YOUR ASSIGNMENT: Everything from the line containing "V60 Pour over" down to the last line below should be set down exactly, and only that, without the pictures.

INPUT DATA:
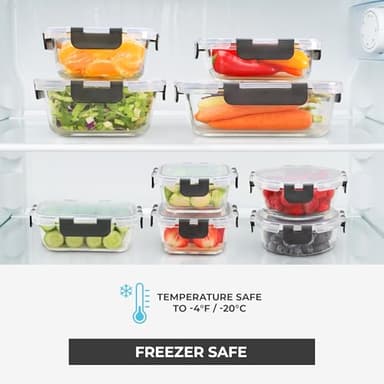 Freshware Glass Storage Containers with Lids, 24 Pieces, 12 Containers with 12 Lids, Glass Meal Prep Containers, Leak Proof, Freezer Safe - Image 5
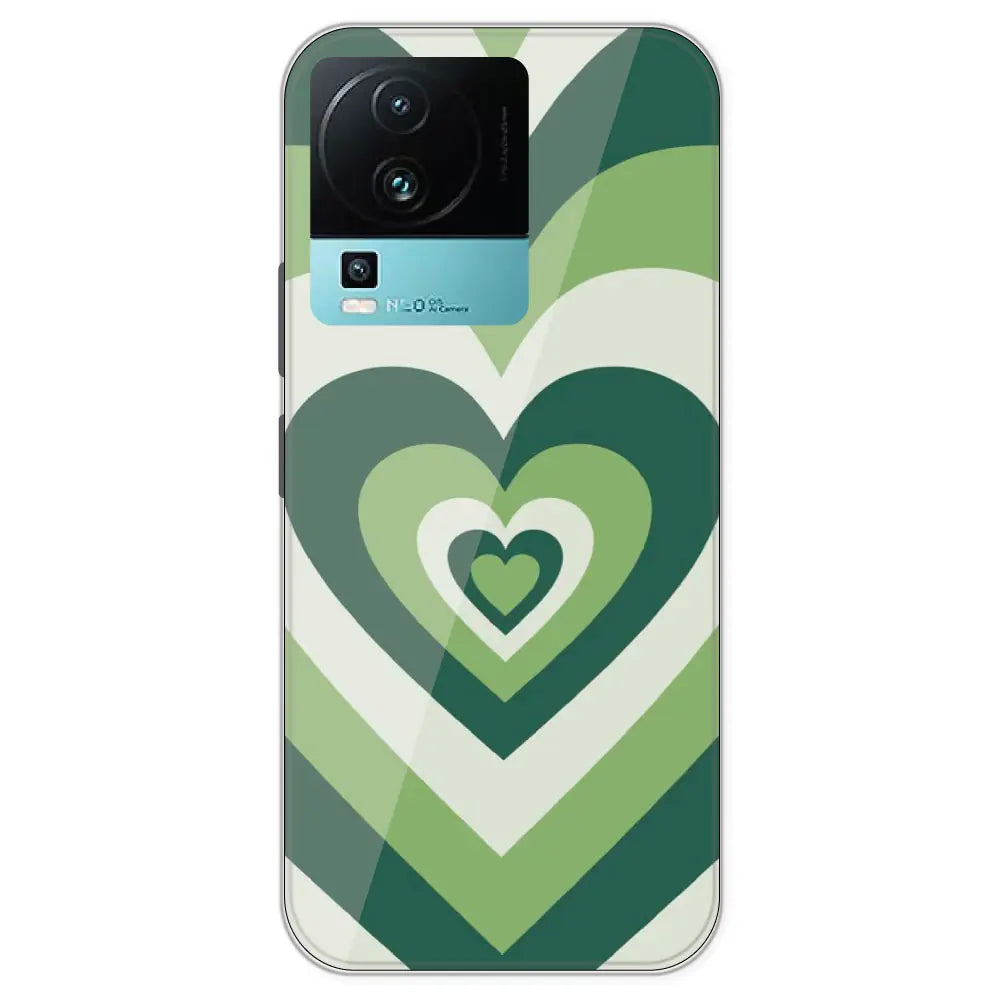 Dark Green Hearts - Printed Silicone Case For IQOO Neo 7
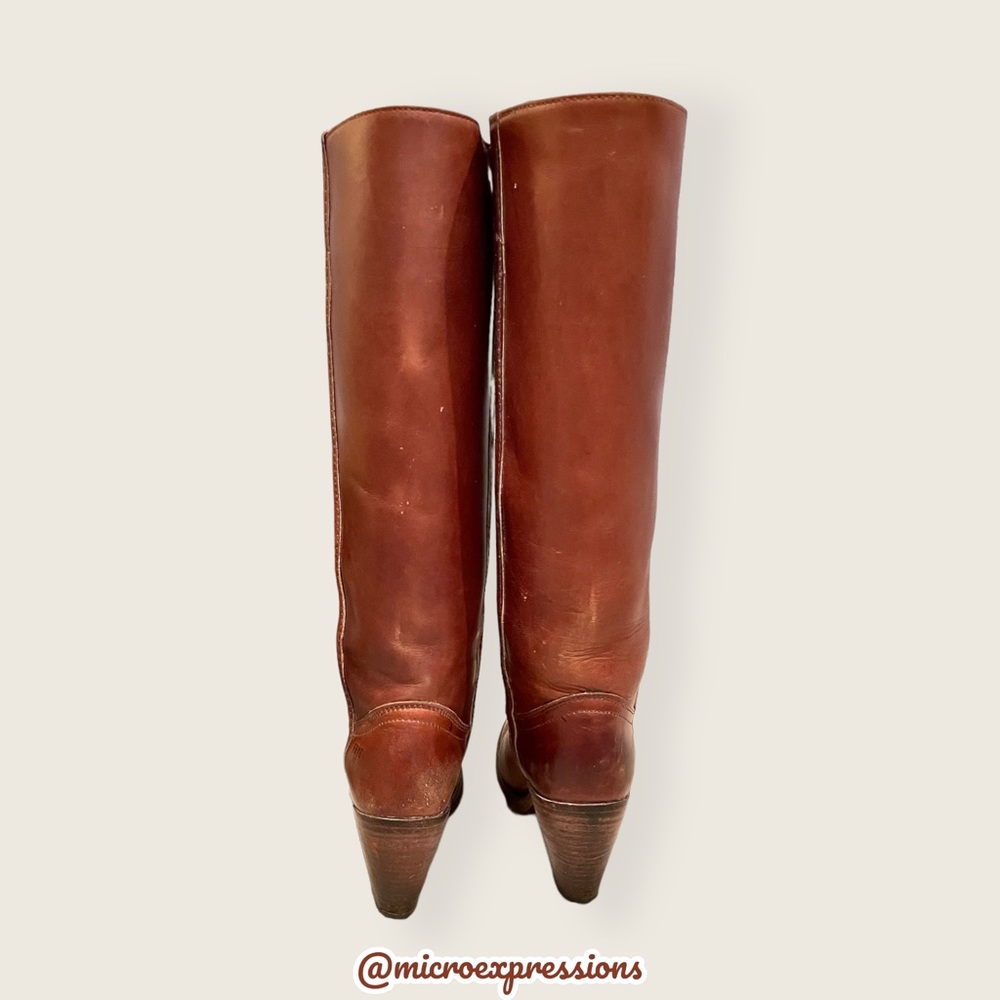 VINTAGE 1960’s Frye Real Leather Cognac Black Label Knee High Tall Heeled Boot - Picture 13 of 14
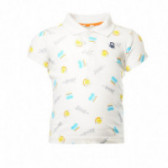 Маркова памучна тениска за бебе с яка и щампа за момиче, бяла Benetton 130832 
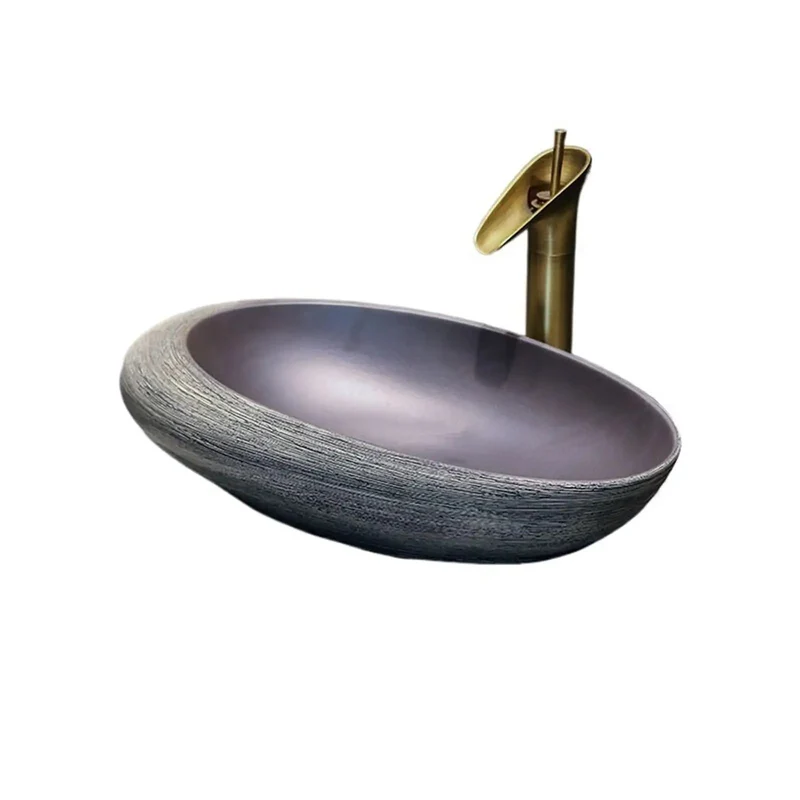 Premium Ceramic Countertop Bathroom Sink With Faucet And Hardware Vintage Vessel Washbasin Featuring A Slick Glazed Surface And No Sweat Quick Install To Level Up Your Daily Home Setup Effortlessly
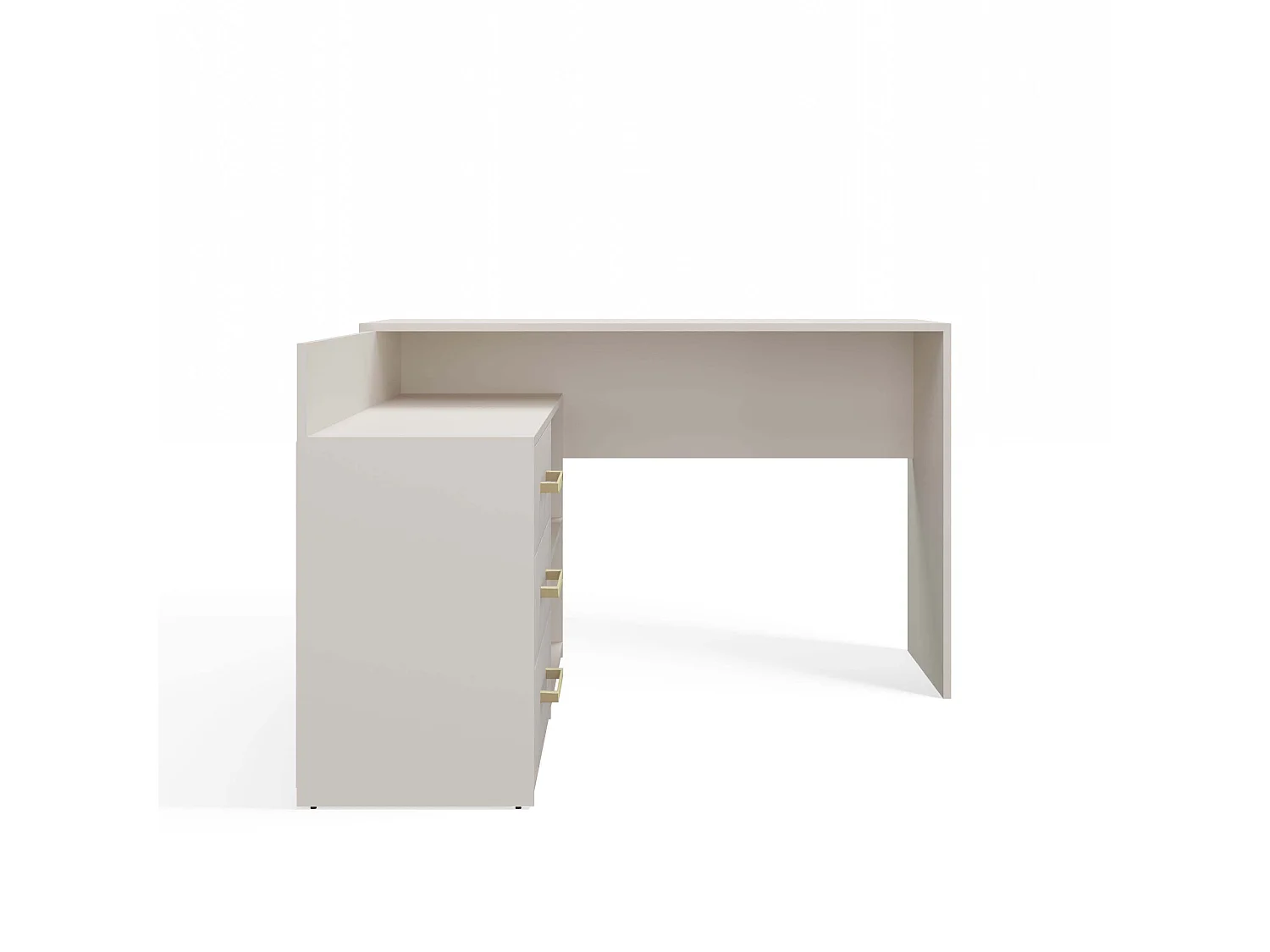 Scrivania angolare moderna con 3 cassetti beige cashmere SCT7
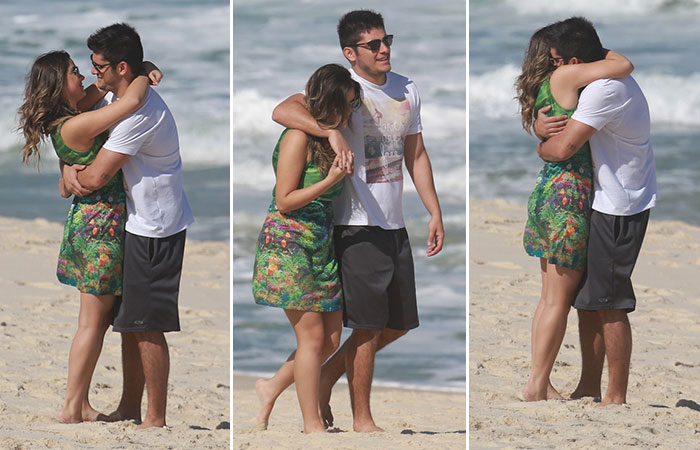 Bruno Gissoni e Polliana Aleixo gravam cenas de romance na praia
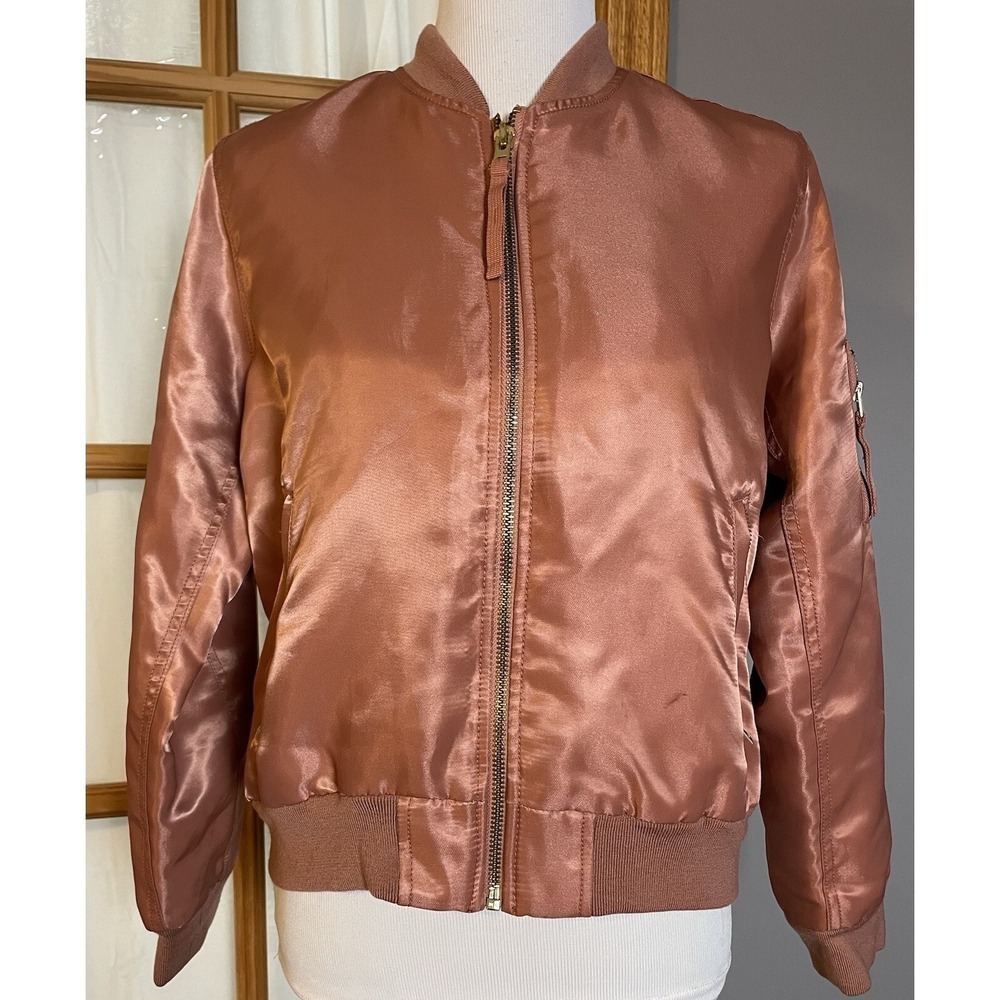 Y2K GAP Primaloft Satin Bomber Jacket Women's S Peach Full Zip Pockets Varsity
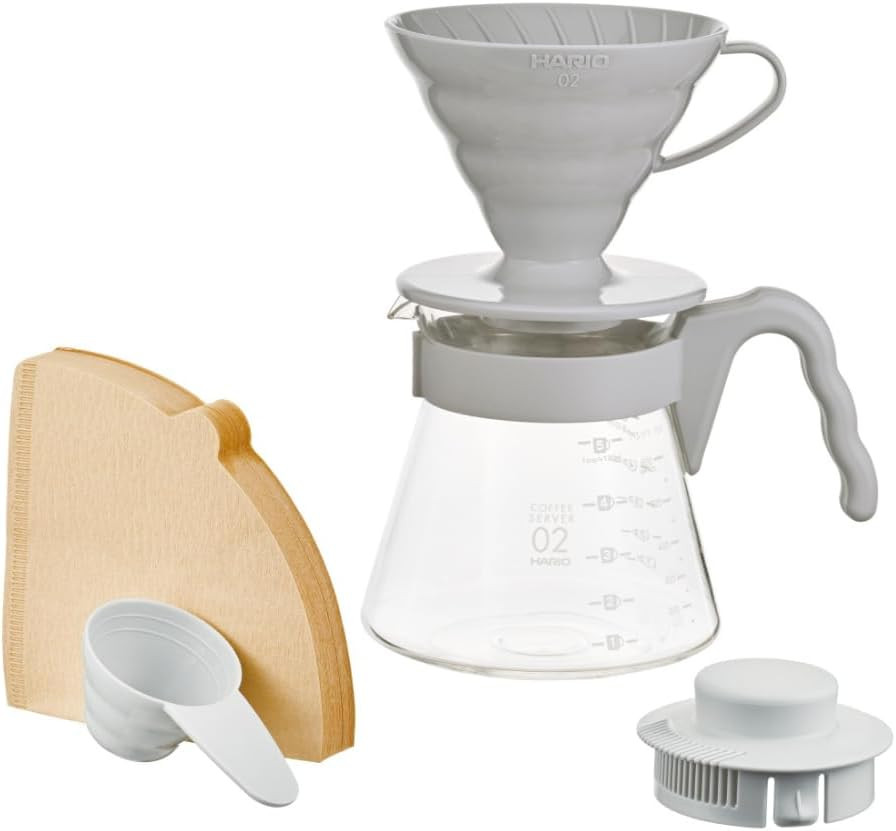 V60 Pour over Starter Set with Dripper, Glass Server, Scoop and Filters, Size 02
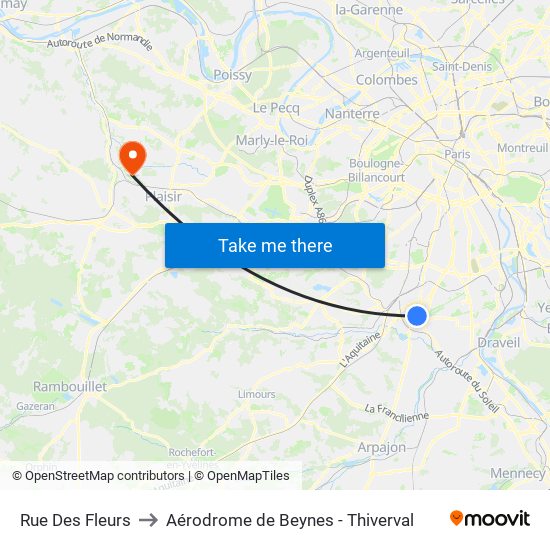 Rue Des Fleurs to Aérodrome de Beynes - Thiverval map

YOUR SOLUTION:
 V60 Pour over Starter Set with Dripper, Glass Server, Scoop and Filters, Size 02
 Rue Des Fleurs to Aérodrome de Beynes - Thiverval map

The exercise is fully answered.